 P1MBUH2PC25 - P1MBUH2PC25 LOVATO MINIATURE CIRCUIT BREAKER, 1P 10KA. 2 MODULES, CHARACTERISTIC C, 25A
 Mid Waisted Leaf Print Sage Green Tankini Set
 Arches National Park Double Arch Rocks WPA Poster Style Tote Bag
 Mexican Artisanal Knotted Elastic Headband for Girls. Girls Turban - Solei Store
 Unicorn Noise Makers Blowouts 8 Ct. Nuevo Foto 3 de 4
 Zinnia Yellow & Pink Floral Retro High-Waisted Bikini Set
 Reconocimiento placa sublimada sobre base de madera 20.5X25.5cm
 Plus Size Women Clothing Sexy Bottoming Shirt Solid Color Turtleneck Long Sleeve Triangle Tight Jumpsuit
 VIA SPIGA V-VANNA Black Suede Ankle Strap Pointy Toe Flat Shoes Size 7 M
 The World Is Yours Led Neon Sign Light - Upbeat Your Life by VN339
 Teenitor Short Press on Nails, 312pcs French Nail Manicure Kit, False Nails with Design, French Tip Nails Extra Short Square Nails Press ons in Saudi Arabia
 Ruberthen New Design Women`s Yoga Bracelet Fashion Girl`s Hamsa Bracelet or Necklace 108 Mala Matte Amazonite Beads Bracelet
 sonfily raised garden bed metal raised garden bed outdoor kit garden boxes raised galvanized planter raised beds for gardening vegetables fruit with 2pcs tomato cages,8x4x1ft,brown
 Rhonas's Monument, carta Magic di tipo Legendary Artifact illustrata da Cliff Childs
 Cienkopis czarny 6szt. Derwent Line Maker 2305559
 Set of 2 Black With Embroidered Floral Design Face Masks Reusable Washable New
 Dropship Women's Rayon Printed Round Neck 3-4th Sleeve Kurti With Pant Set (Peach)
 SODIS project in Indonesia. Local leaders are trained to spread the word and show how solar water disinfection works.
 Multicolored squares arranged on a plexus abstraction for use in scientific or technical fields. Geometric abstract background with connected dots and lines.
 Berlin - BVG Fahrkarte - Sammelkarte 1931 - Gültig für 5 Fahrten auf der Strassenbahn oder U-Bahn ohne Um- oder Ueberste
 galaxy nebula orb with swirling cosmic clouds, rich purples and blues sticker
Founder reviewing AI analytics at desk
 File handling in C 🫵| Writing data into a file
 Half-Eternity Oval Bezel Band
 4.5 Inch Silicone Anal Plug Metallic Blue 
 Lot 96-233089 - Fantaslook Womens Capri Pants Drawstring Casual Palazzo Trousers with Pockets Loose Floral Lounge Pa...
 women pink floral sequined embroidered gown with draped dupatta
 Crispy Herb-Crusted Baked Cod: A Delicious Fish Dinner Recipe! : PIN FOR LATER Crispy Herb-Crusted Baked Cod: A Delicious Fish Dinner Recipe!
□ □ □ □
Task goal: Return, unchanged, the run of lines above that opens with the line containing "Mid Waisted Leaf" and closes with the line containing "Berlin - BVG". Include both.

Output of the task:
 Mid Waisted Leaf Print Sage Green Tankini Set
 Arches National Park Double Arch Rocks WPA Poster Style Tote Bag
 Mexican Artisanal Knotted Elastic Headband for Girls. Girls Turban - Solei Store
 Unicorn Noise Makers Blowouts 8 Ct. Nuevo Foto 3 de 4
 Zinnia Yellow & Pink Floral Retro High-Waisted Bikini Set
 Reconocimiento placa sublimada sobre base de madera 20.5X25.5cm
 Plus Size Women Clothing Sexy Bottoming Shirt Solid Color Turtleneck Long Sleeve Triangle Tight Jumpsuit
 VIA SPIGA V-VANNA Black Suede Ankle Strap Pointy Toe Flat Shoes Size 7 M
 The World Is Yours Led Neon Sign Light - Upbeat Your Life by VN339
 Teenitor Short Press on Nails, 312pcs French Nail Manicure Kit, False Nails with Design, French Tip Nails Extra Short Square Nails Press ons in Saudi Arabia
 Ruberthen New Design Women`s Yoga Bracelet Fashion Girl`s Hamsa Bracelet or Necklace 108 Mala Matte Amazonite Beads Bracelet
 sonfily raised garden bed metal raised garden bed outdoor kit garden boxes raised galvanized planter raised beds for gardening vegetables fruit with 2pcs tomato cages,8x4x1ft,brown
 Rhonas's Monument, carta Magic di tipo Legendary Artifact illustrata da Cliff Childs
 Cienkopis czarny 6szt. Derwent Line Maker 2305559
 Set of 2 Black With Embroidered Floral Design Face Masks Reusable Washable New
 Dropship Women's Rayon Printed Round Neck 3-4th Sleeve Kurti With Pant Set (Peach)
 SODIS project in Indonesia. Local leaders are trained to spread the word and show how solar water disinfection works.
 Multicolored squares arranged on a plexus abstraction for use in scientific or technical fields. Geometric abstract background with connected dots and lines.
 Berlin - BVG Fahrkarte - Sammelkarte 1931 - Gültig für 5 Fahrten auf der Strassenbahn oder U-Bahn ohne Um- oder Ueberste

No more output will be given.